1) n_estimators, also know as the number of models.

2) early_stopping_rounds, early stop cause the model to stop running when validation score doesn't improve anymore. But since there are random chances when validation score doesn't improve, this para specify how many rounds of deterioration are allowed before stop. Come along with `eval_set` para.

3) learning_rate, multiple the prediciton of each model by a small number before adding them in. 
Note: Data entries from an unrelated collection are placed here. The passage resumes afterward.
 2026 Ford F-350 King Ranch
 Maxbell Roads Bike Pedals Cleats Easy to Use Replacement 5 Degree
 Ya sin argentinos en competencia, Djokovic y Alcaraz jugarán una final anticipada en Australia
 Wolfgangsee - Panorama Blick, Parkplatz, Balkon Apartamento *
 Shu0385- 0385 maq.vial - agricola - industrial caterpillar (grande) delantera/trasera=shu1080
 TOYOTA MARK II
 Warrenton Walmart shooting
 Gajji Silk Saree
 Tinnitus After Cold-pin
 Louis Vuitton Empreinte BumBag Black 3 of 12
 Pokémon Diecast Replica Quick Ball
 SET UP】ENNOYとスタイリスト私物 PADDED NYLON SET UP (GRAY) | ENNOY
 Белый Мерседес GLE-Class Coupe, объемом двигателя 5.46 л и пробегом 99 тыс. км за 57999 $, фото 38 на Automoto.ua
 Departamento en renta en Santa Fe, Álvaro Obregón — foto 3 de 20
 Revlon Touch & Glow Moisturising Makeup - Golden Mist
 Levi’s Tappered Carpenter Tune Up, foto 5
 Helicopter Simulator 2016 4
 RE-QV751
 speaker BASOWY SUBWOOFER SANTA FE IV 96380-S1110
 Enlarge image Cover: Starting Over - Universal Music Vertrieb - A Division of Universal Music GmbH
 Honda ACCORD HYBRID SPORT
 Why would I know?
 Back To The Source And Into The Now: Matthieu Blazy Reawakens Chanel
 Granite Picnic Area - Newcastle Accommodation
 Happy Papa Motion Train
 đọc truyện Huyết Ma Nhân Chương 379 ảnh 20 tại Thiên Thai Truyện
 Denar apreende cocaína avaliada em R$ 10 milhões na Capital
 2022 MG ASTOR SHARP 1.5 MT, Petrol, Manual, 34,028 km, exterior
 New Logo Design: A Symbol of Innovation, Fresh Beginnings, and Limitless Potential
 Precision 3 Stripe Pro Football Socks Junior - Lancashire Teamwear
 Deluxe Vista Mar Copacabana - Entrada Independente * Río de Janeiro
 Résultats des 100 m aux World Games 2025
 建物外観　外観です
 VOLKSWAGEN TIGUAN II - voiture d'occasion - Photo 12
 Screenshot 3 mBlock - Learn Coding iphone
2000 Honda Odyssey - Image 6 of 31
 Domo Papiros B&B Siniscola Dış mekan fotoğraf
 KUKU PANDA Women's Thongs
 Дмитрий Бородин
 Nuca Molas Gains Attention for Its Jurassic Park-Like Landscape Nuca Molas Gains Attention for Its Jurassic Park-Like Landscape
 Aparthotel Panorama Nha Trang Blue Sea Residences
So in general, a small learning rate and big n_estimators would be good

## preparing the data

In [1]:
import pandas as pd
from sklearn.model_selection import train_test_split

# read data
X = pd.read_csv("train.csv", index_col='Id')
X_test_full = pd.read_csv("test.csv", index_col='Id')

In [2]:
# split as X and y
X.dropna(axis=0, subset=['SalePrice'], inplace=True)
y = X.SalePrice
X.drop(axis=0, columns=['SalePrice'], inplace=True)
X_train_full, X_val_full, y_train, y_val = train_test_split(X, y, train_size=0.8, test_size=0.2, 
                                                                      random_state=0)

In [3]:
# only choose the numercial column and low cardinality categorical column
low_cardinality_col = [cname for cname in X_train_full.columns if X_train_full[cname].nunique() < 10
                      and X_train_full[cname].dtype == 'object']
numerical_col = [cname for cname in X_train_full.columns if X_train_full[cname].dtype in ['int64', 'float64']]
my_col = low_cardinality_col + numerical_col

# make a harder copy
X_train = X_train_full[my_col].copy()
X_val = X_val_full[my_col].copy()
X_test = X_test_full[my_col].copy()

# one-hot encode, and also use align() to make sure only the dummies in train exist
X_train = pd.get_dummies(X_train)
X_val = pd.get_dummies(X_val)
X_test = pd.get_dummies(X_test)
X_train, X_val = X_train.align(X_val, axis=1, join='left')
X_train, X_test = X_train.align(X_test, axis=1, join='left')

In [4]:
# start XBGoost
from xgboost import XGBRegressor
from sklearn.metrics import mean_absolute_error

In [None]:
my_model_1 = XGBRegressor(random_state=0)
my_model_1.fit(X_train, y_train)
prediction_1 = my_model_1.predict(X_val)
mae_1 = mean_absolute_error(prediction_1, y_val)
print("MAE for model 1:", mae_1)

In [None]:
# improve the model
my_model_2 = XGBRegressor(random_state=0, n_estimators=1000, learning_rate=0.1)
my_model_2.fit(X_train, y_train)
prediction_2 = my_model_2.predict(X_val)
mae_2 = mean_absolute_error(prediction_2, y_val)
print("MAE for model 2:", mae_2)

# turns out it did improve a little bit

In [None]:
# give a bad model
my_model_3 = XGBRegressor(random_state=0, n_estimators=1)
my_model_3.fit(X_train, y_train)
prediction_3 = my_model_3.predict(X_val)
mae_3 = mean_absolute_error(prediction_3, y_val)
print("MAE for model 3:", mae_3)